President Obama and his allies are working overtime this week to lobby the Senate against passage of a new round of tough sanctions on Iran. The conceit of his campaign to persuade Congress not to give him more leverage over Tehran is that even the threat of further economic pressure on the regime would cause it to scuttle more nuclear talks. According to the administration, any further sanctions would “break faith” with a country that Obama wants to do business with on the nuclear question as well as on the conflicts in Syria and Iraq.

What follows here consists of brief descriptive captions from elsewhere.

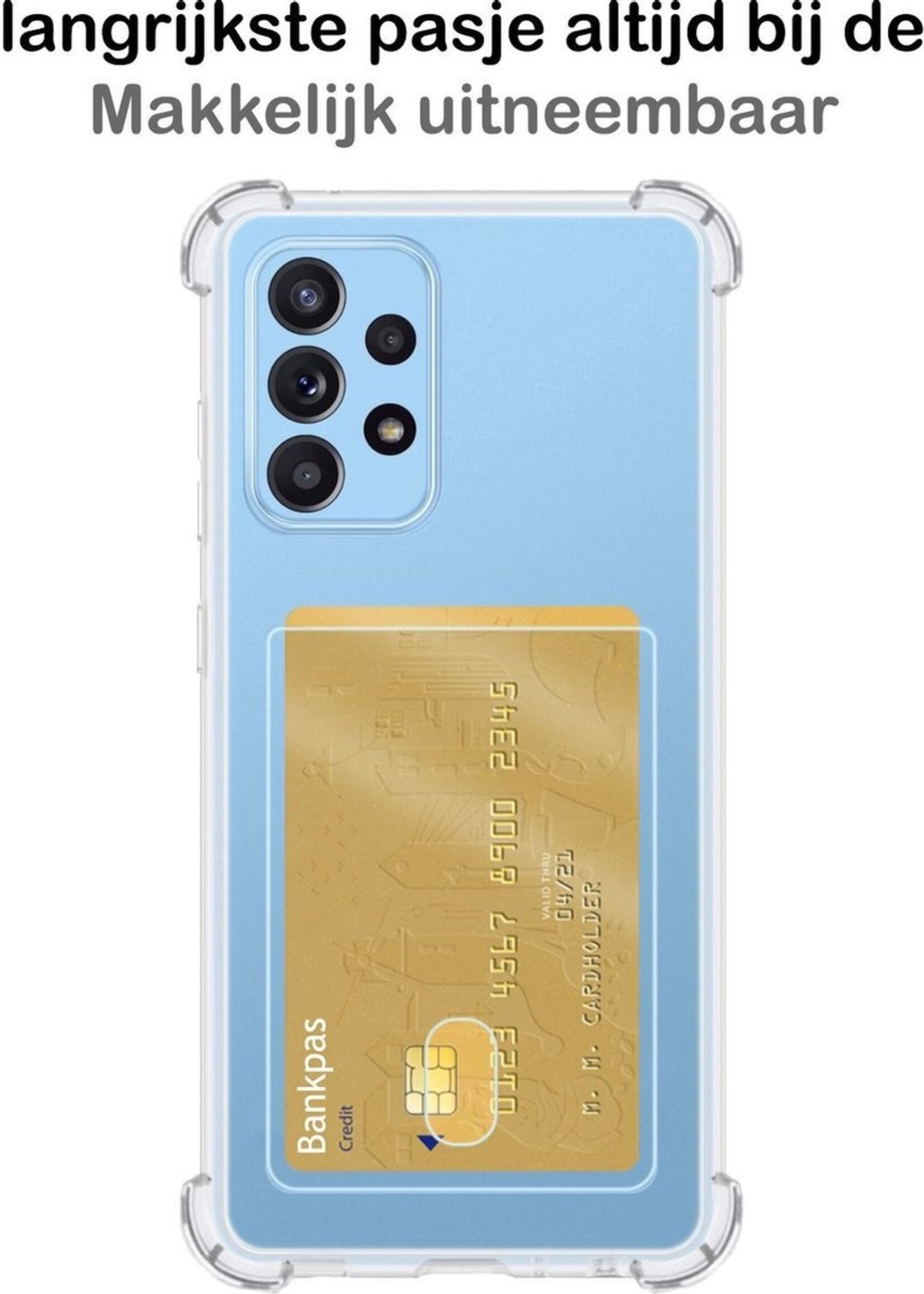 BTH Hoesje Geschikt voor Samsung A52 Hoesje Met Pasjeshouder Siliconen Case Met Kaarthouder Met 2x Screenprotector - Hoes Geschikt voor Samsung Galaxy A52 Hoesje Shock Proof Case - Transparant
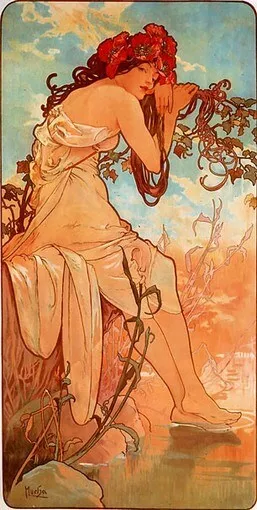 ALPHONSE MUCHA VINTAGE POSTER Summer Art Print RARE NEW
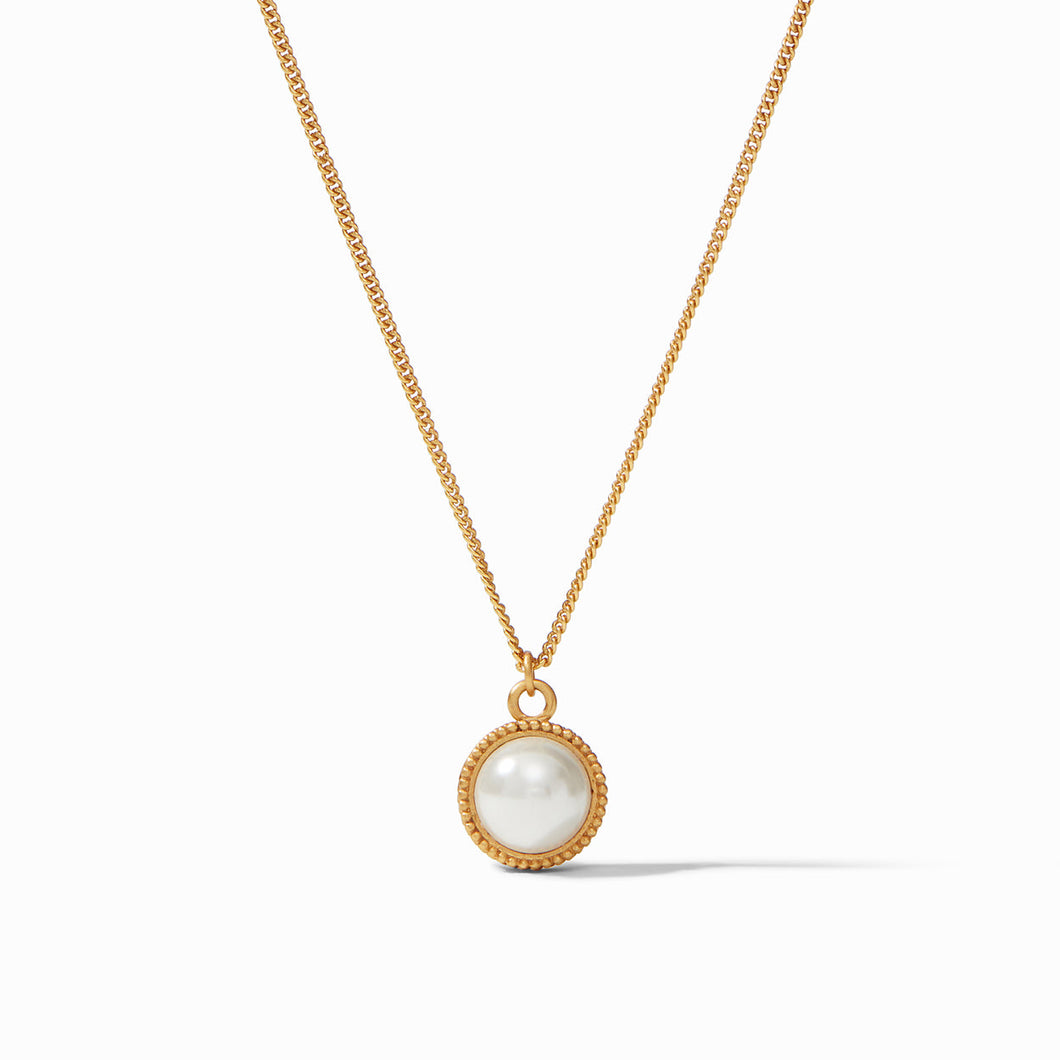Julie Vos Fleur-de-Lis Solitaire Necklace -Pearl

But while the president is bending over backward trying to avoid giving offense to his diplomatic dance partners, the Iranians have a very different mindset. Rather than displaying the skittish fear of blowing up the talks the president is displaying, the Iranians are spending the days after the finalization of the interim deal signed in November spiking the football in Obama’s face. That’s the only way to interpret the tweet put out this morning by Iranian President Hassan Rouhani, the so-called moderate whose victory in a faux election last summer was seen by the administration as a sign Iran was changing for the better, in which he said:

Our relationship with the world is based on Iranian nation’s interests. In #Geneva agreement world powers surrendered to Iranian nation’s will.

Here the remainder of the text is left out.